Образы тюльпана и гиацинта используются в ритмизованной присказке, являющейся, видимо, клише. Так, в сказке видинских турок героиня отправляется в долгий путь разыскивать своего суженого: «Шла она, шла, мало ли шла, много ли шла, как говорится: „Тюльпаны, гиацинты обрывая, / Куря табак и кофе попивая, / Свой долгий путь слезами поливая…“» («Дочь падишаха и Билеиз»), что не в полной мере соответствовало тем лишениям и трудностям, которые, согласно сюжету, должна была претерпеть героиня. В турецкой сказке из собрания Боратава долгий путь, проделанный героями, описывается очень похоже, хотя эта сказка не является вариантом предыдущего текста: «После того как юноша и девушка проехали, наслаждаясь тюльпанами и гиацинтами, попивая кофе и покуривая табак, довольно большое расстояние, им попался мост через речку» («Отец шести дочерей»). В обоих случаях упоминание цветов не связано с общим содержанием сюжетов и не является конкретизирующей детализацией пути героев.

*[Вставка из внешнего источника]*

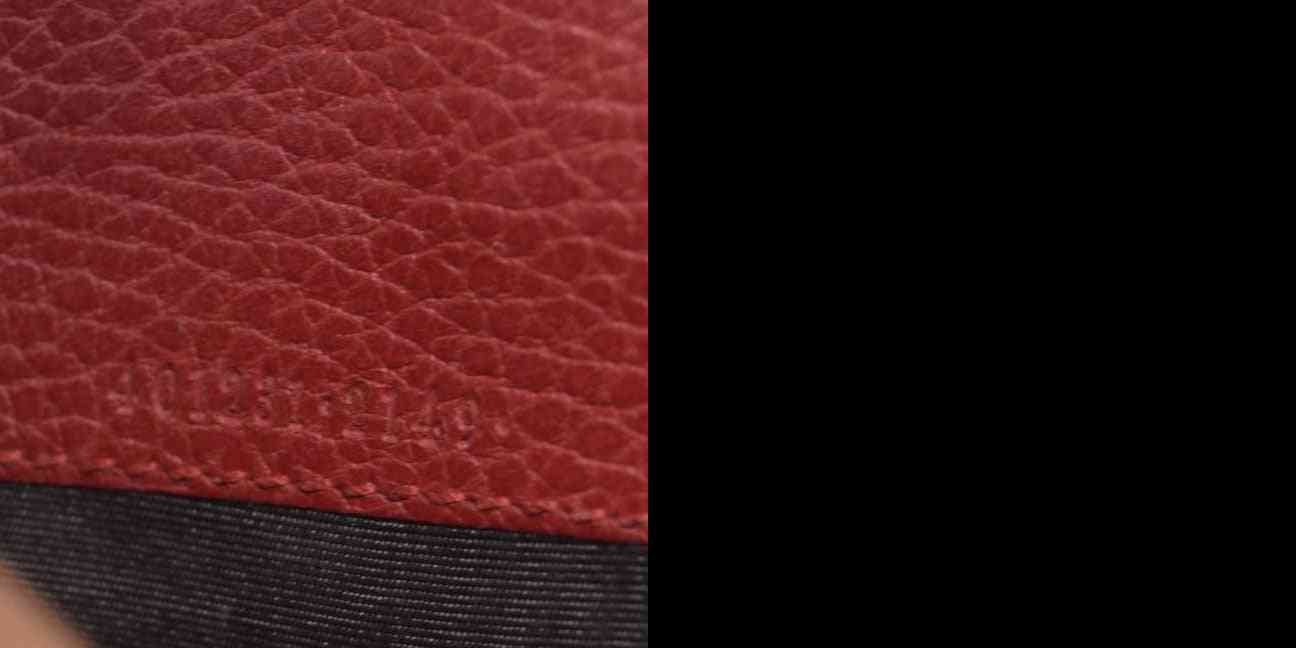 $1800 Gucci Leather Dionysus Wallet On Chain Mini Red Leather
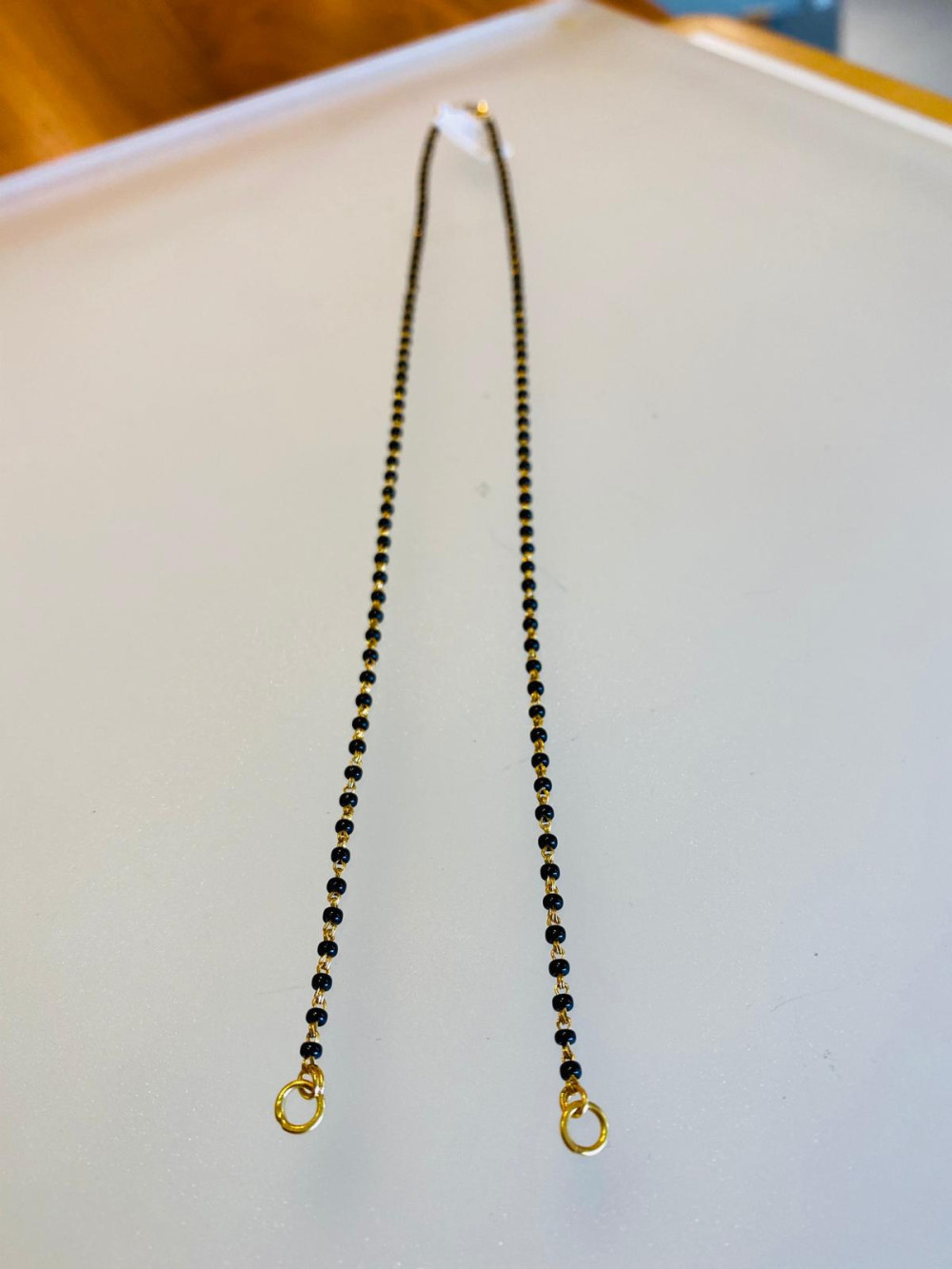 22ct Mangalsutra Chain with Pendant-links 4.9gm 16 inches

Более существенную смысловую нагрузку несет образ розы в разнообразных семантических вариациях, куда входят: «семь ветвей розы» — ими нужно стегать девушку до тех пор, пока она не попросит пощады («Самая-Прекрасная-в-Мире»); «куст розы» — в него превращается девушка, преследуемая дэвами («Дочь падишаха и Билеиз»); цветущие розы в качестве украшения моста — по нему героиня должна прийти к своему жениху («Илик-Султан»); сетование героини: «…из-за тебя увяло мое тело, которое раньше цвело, как роза»; благопожелание отца своему новорожденному ребенку: «…да будет он осыпан розами» («Шахзаде Хюсню-Юсуф»).